Isabell and Gaughan have had a working relationship in racing the past 15 years.

“He was a Dodge engineer back when there weren’t many engineers, when it was kind of the infancy in engineering (in Cup racing),” Gaughan said. “Now heck, he’s part of, what do we have, 25, 30 engineers on our team alone. We have 30 engineers just at RCR alone.”

Isabell added: “I think JGR (Joe Gibbs Racing) has 100.”

While Gaughan enjoyed the time explaining the connections between science, technology, engineering and mathematics to racing, this was also a business trip for him.

Part of the morning was spent on television promoting a weekend of NASCAR at Watkins Glen International race track in Schulyer County, Aug. 3-6. Gaughan, a former walk-on basketball player at Georgetown University and owner of a degree in management, threw some friendly barbs at Syracuse fans along the way.

While most NASCAR events are on ovals, NASCAR has brought teams to the road course at The Glen the past 31 years, 34 overall.

“It’s one of the few NASCAR races that have had sellouts (in recent years),” Gaughan said.

Three series are coming to the Glen, including NASCAR’s top two — Monster Energy Cup and XFINITY, where Gaughan is 13th in the drivers points standings. A total of 12 drivers in each series qualify for the chase for the championships.

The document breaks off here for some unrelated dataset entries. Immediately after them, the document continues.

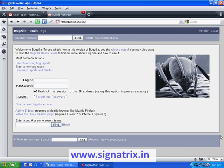Hello everyone. Today we are going to have a discussion on the tool Bugzilla — how to use it. But before that I will give an intro of what Bugzilla is. Bugzilla is a defect tracking system or a bug tracking system. A defect tracking system allows individuals or groups of developers to keep track of outstanding bugs in their product effectively.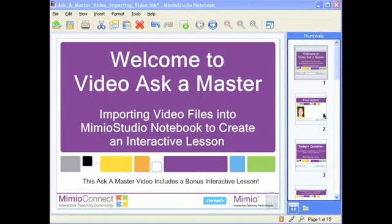Hello everyone and welcome to this edition of Video Ask a Master where we discuss all things Mimeo. In this edition, we're going to be talking about how easy it is to import and embed video files into your Mimeo Studio notebook. And we're also going to take it a step further and talk about how to use video to create an interactive lesson.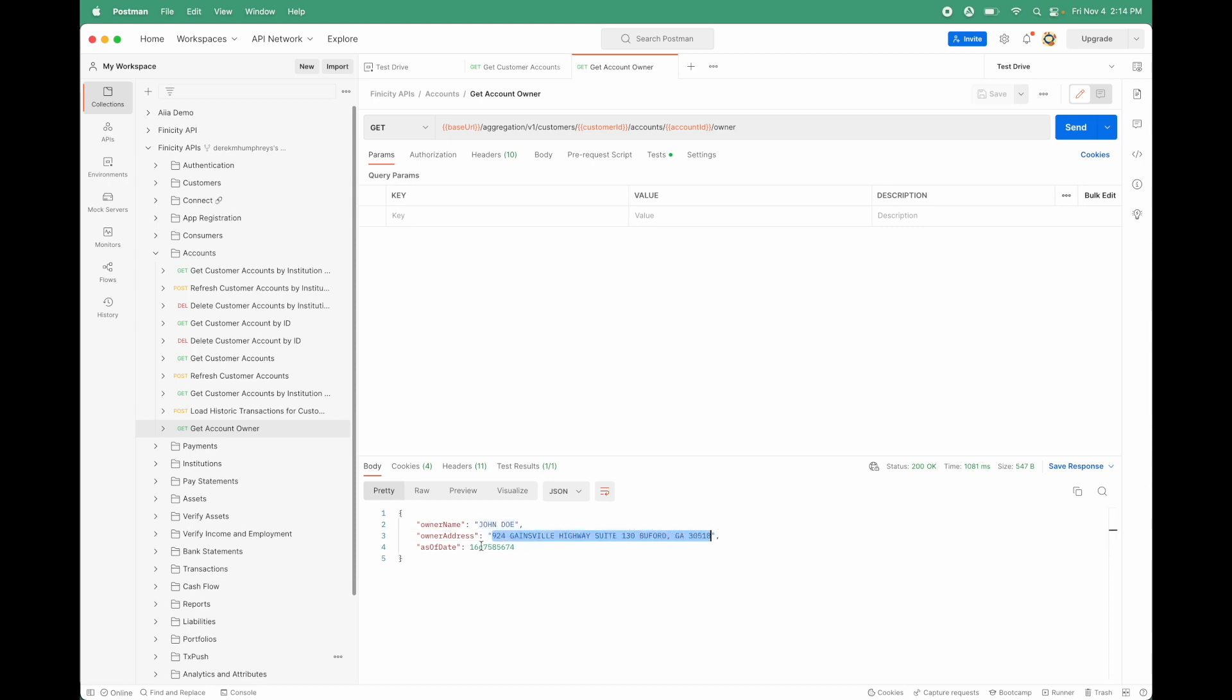I can now use that to make sure that any credentials or details the customer has shared with me are valid without me having to go off and do a similar exercise of sending them out post or having to get them to bring in utility bills. I can leverage the work that the bank has already done to shorten and streamline my KYC process. And that's one of the beauties of the Open Banking API.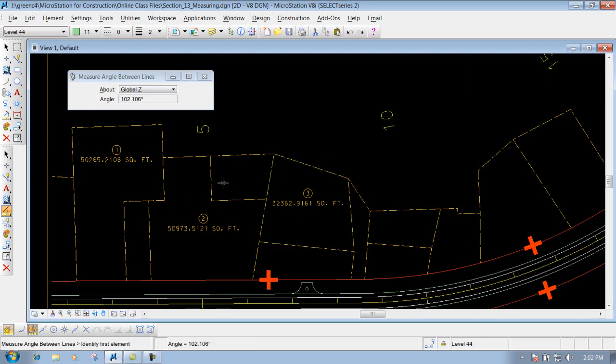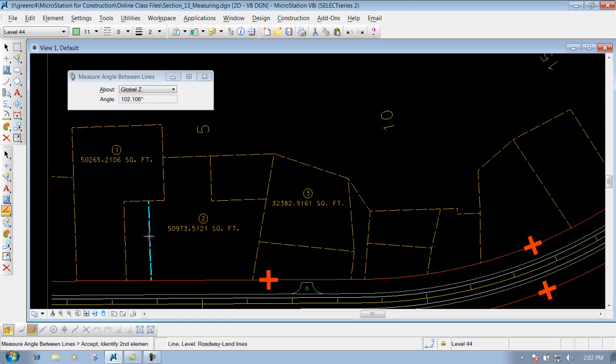Now the two items don't necessarily have to touch, just like the way I was doing those two. Let's say I did this one right here, and maybe this one right here. It's still going to give you that angle. So you left click on the first one, left click on the second one, and it gives you that angle.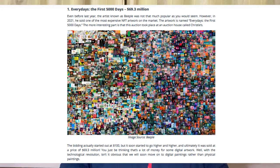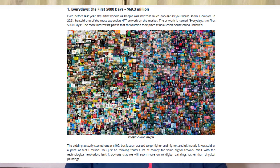There are various other NFTs in existence. For example, there is an NFT known as 'Everydays: The First 5000 Days,' which was worth 69.3 million dollars. It started its bidding at a hundred dollars but went higher and higher until it sold at 69.3 million dollars.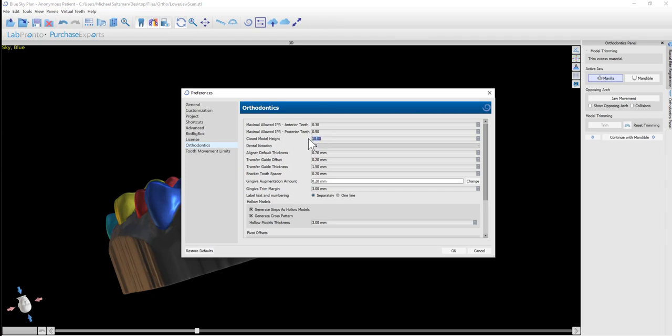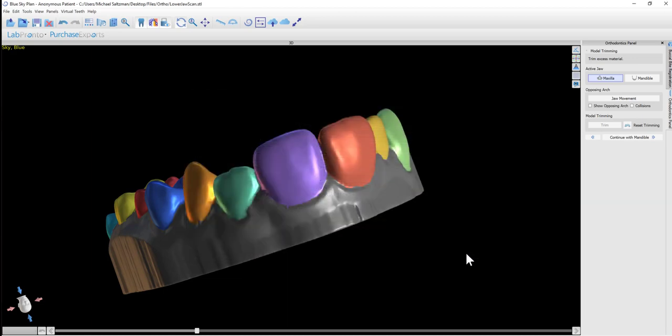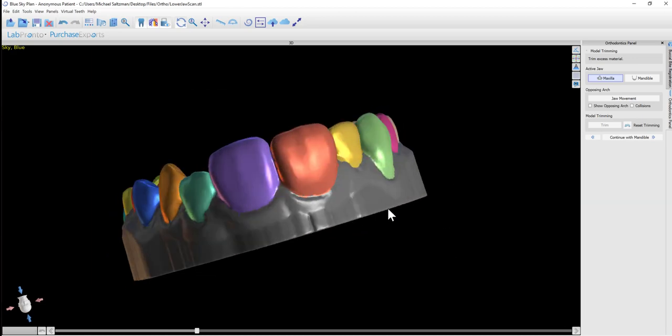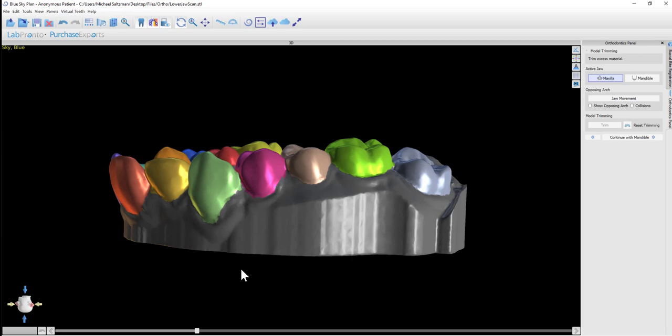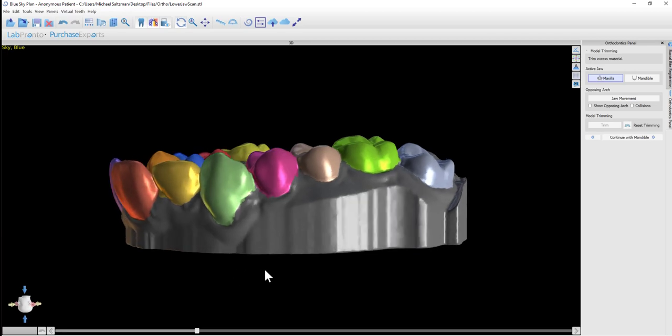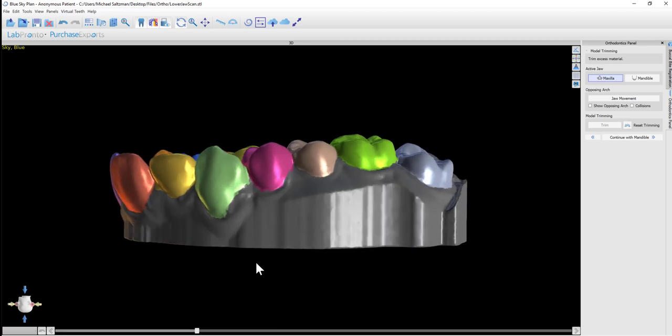Even if the closed model height is less than the trim curve, the model will still be the height of the trim curve, but it won't be anything more than that. That's an option you can change if you want, but in most situations, there's no need.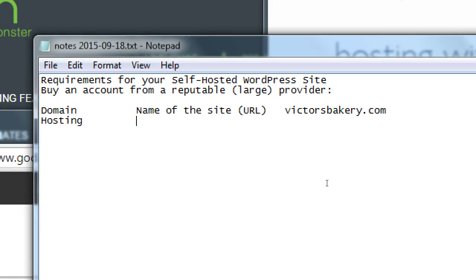Domain pricing is about supply and demand. If I want victor.com, so do a thousand other Victors, so it can sell for thousands of dollars. There are businesses that specialize in bulk-buying domain names and then resell them at premium prices. The good thing is: if you buy one of those premium-priced domain names, you only need to pay that exorbitant price once. After that it goes back to a normal price of about twelve dollars a year.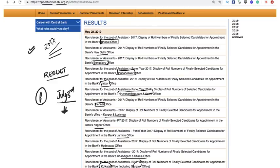To all the aspirants preparing for RBI Assistant as well as Grade B, all the very best. Keep preparing, or if you haven't started yet, start now because the notification should be out very soon after this final result. All the very best. Take care.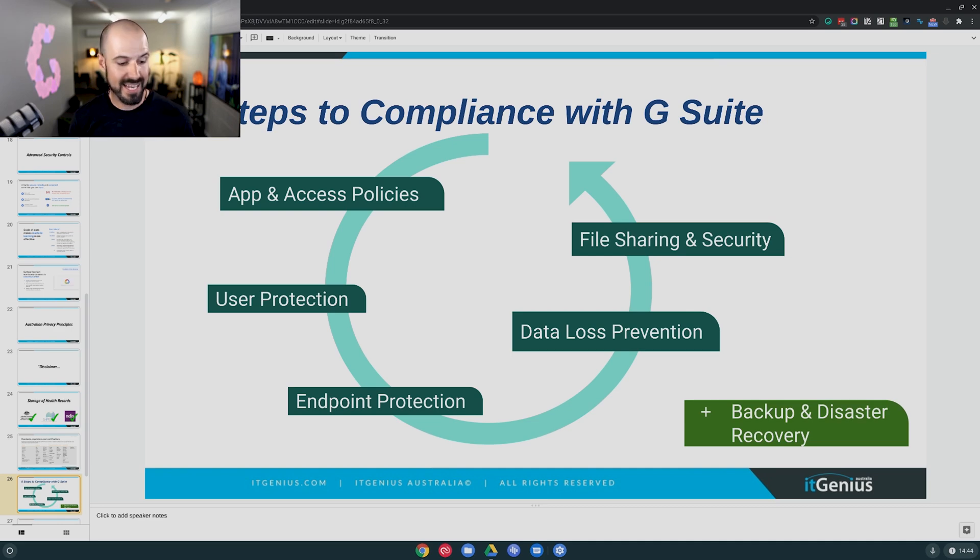Endpoint protection is absolutely critical — you need to use the enterprise edition of G Suite so you can do things like locking down which end devices can actually access your Google account and ensuring you have the correct policies in place. If you are in a medical, financial services, or legal business and need to be compliant with Australian Privacy Principles, and you have a staff member without a passcode on their phone, you fail. You're in breach, and if you're a business over $2 million in revenue, there is potentially jail-time-level trouble you can find yourself in if there is a breach.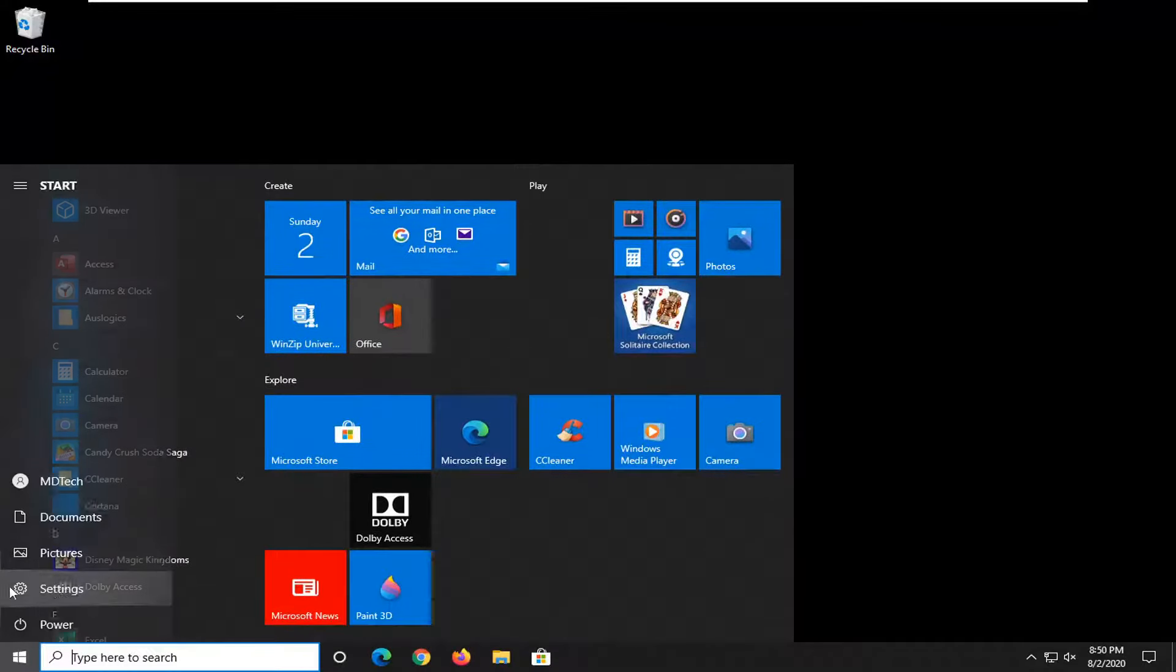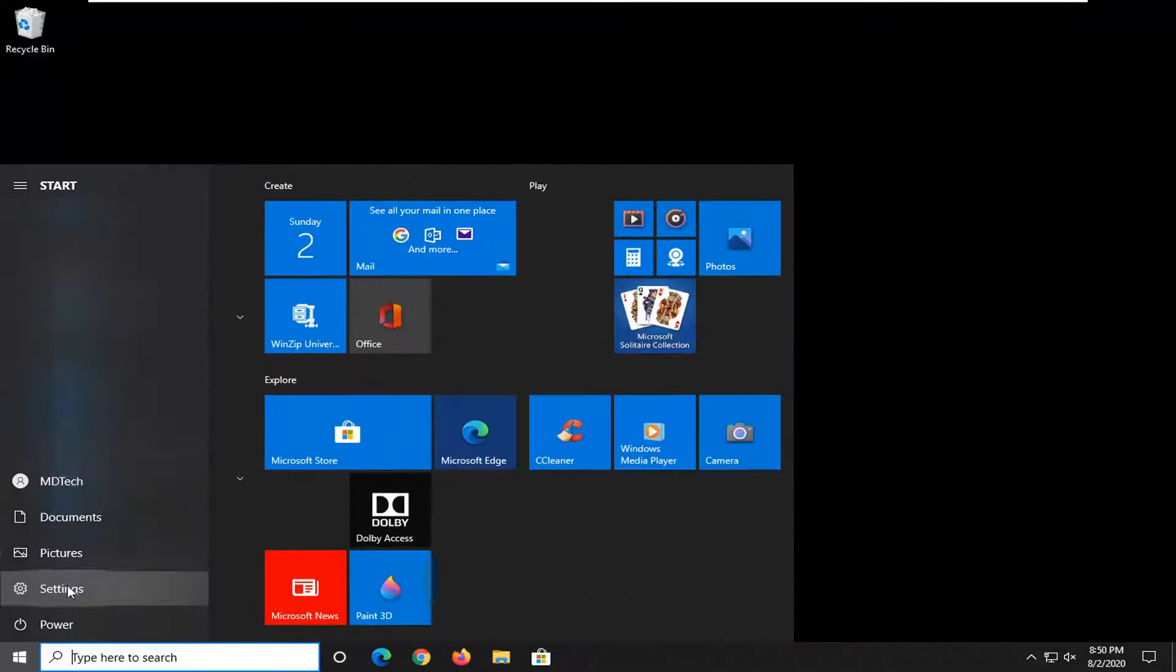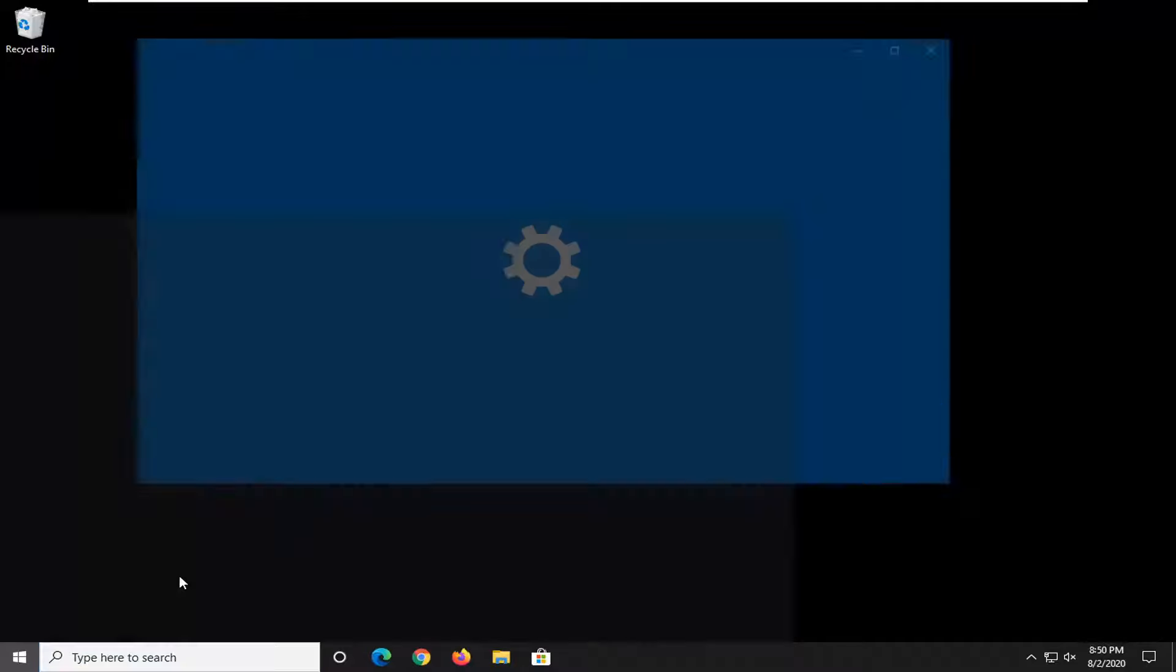We're going to start by opening up the Start menu, select the Settings gear icon on the left side where if you hover over it says Settings. So go ahead and just left-click on that one time.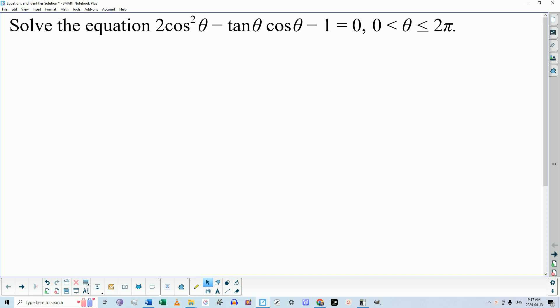Good day, everyone. Yesterday in my grade 12 math class, we had a little quiz where students were expected to solve a trigonometric equation that required that they first use identities to put the equation into a certain state that would allow them to solve it. I told them that I would be posting a solution, so that's what this video is of.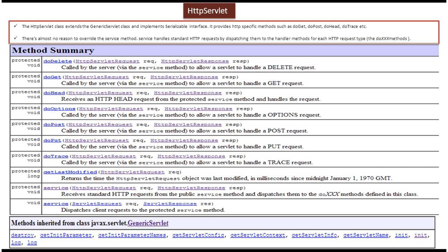You can see the method summary here — these are the methods supported by HTTP Servlet. It also extends Generic Servlet, so the methods available in Generic Servlet are also accessible via HTTP Servlet class, such as Destroy, GetServletParameter, and GetServletParameterNames. All those methods are available in the HTTP Servlet class.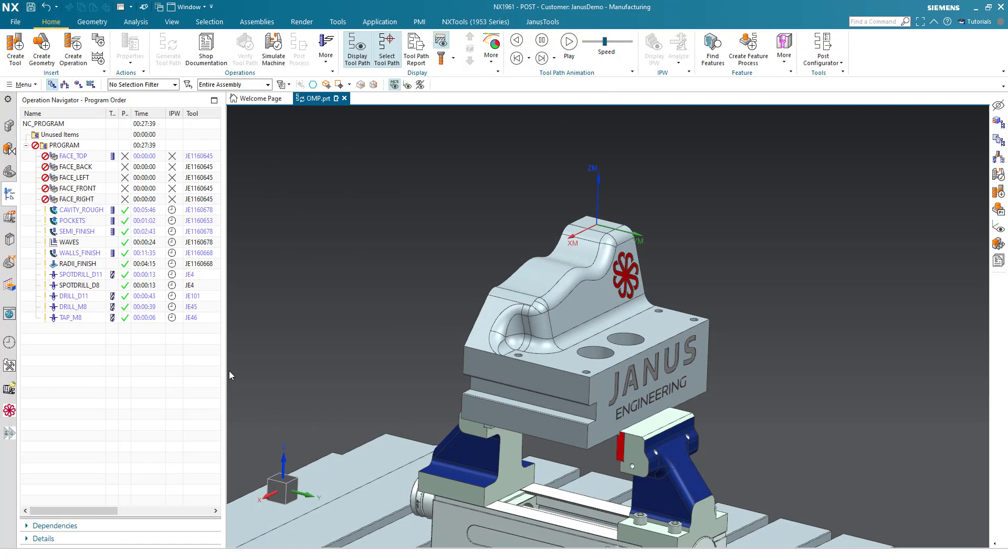Hi everyone and welcome to your brand new quick tip by Janus Engineering. Today we will show you how you can speed up your daily business even more with the default settings within NX.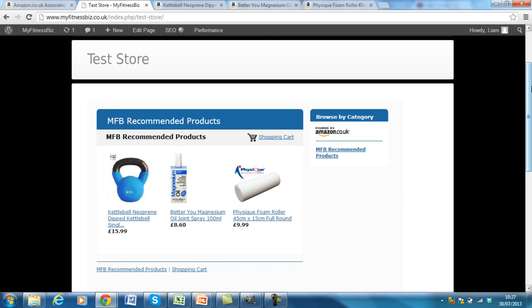So there you have it. That's how to embed an Amazon A store into your WordPress website. Like I say, I recommend it if you've got no other store currently on your website and you want to recommend your clients to products that you've sort of tested and know and trust. And then you can also make a nice little bit of affiliate commission on the back end of it. If you haven't done so already, subscribe to my YouTube channel or like my page on Facebook, MyFitnessBiz. And also check out MyFitnessBiz.co.uk. Thanks. See you next time. Bye.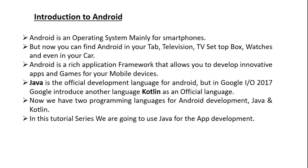In this tutorial series, we are going to use Java for the app development. I am going to create another tutorial series in Kotlin. So in this tutorial series, we are going to use Java as the programming language for Android application development.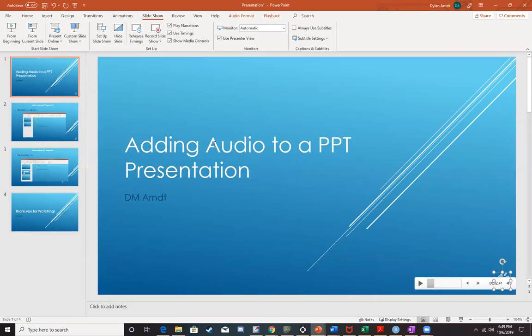You're just going to save this like you would any other PowerPoint file. And then from there, you're going to be able to upload that PowerPoint to the learning management system. And then I'll be able to download it and review or listen to the audio that you have embedded into your PowerPoint.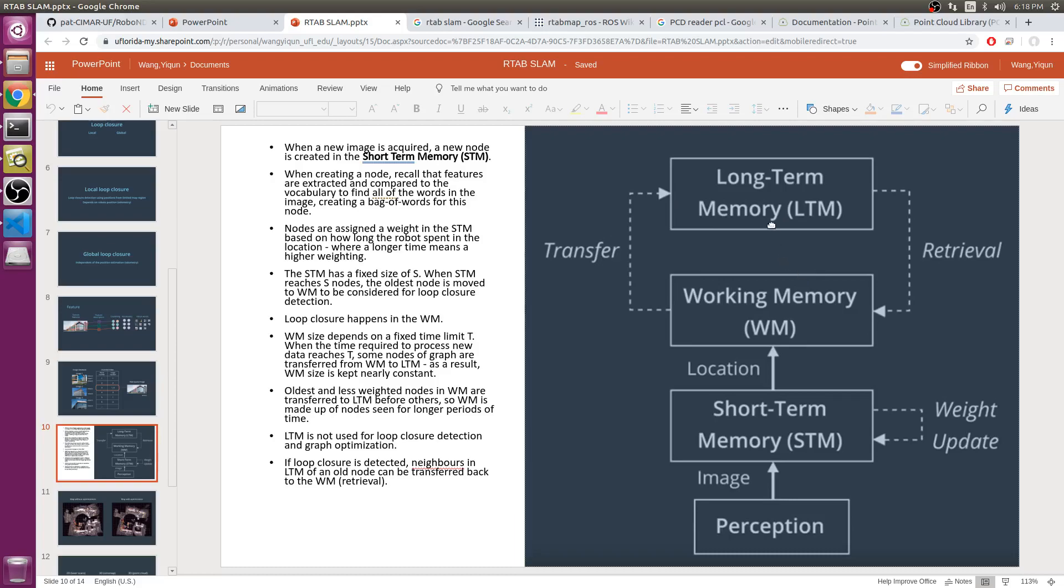Long-term memory is not used for loop closure detection and graph optimization. If loop closure is detected, neighbors in long-term memory of an old node can be transferred back to the working memory. This procedure is called retrieval.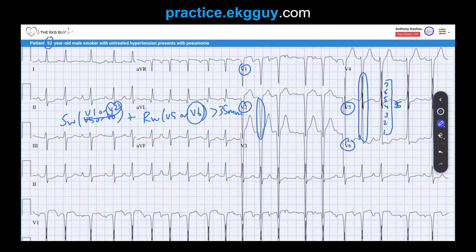Non-voltage LVH criteria include left atrial enlargement and left axis deviation, though these are not essential. In this case, full left axis deviation is not present. Other features include non-specific intraventricular conduction delay, delayed intrinsicoid deflection where QRS onset to R-wave peak is more than 50 milliseconds, and small or absent R-waves in V1 to V3 — those low anterior forces.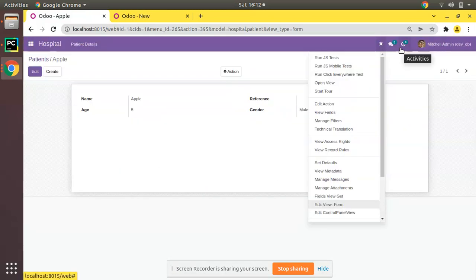If I upgrade the module again the Archive option comes back, because the code is restored. So this is how you can add archive and unarchive option in Odoo. That's it for today. If you have any doubts, feedback, or suggestions, don't hesitate to share via email or comment under the video. If you like the video, please click the Like button, subscribe to the channel, and press the bell icon so you won't miss any videos from Odoo Mates. Have a nice day, thank you.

Kevin Harvick, a former Cup series champion, was promoting the Glen’s Cup weekend and NASCAR last week in Buffalo. NASCAR Hall of Fame driver Rusty Wallace, a race analyst on radio, has appearances scheduled in Syracuse and Albany next week.

Gaughan, who grew up and still lives in Las Vegas and also played football at Georgetown, moved into one of NASCAR’s top three series in 1997. He drove for Penske-Jasper Racing in the Cup series while sponsored by Kodak in 2004. This is his ninth year in XFINITY, where he qualified for the first series chase for a championship last year.

“I’ll tell the kids today, I’d rather they go to college first, make sure they have something because this sport can end at any moment, for anybody,” he said.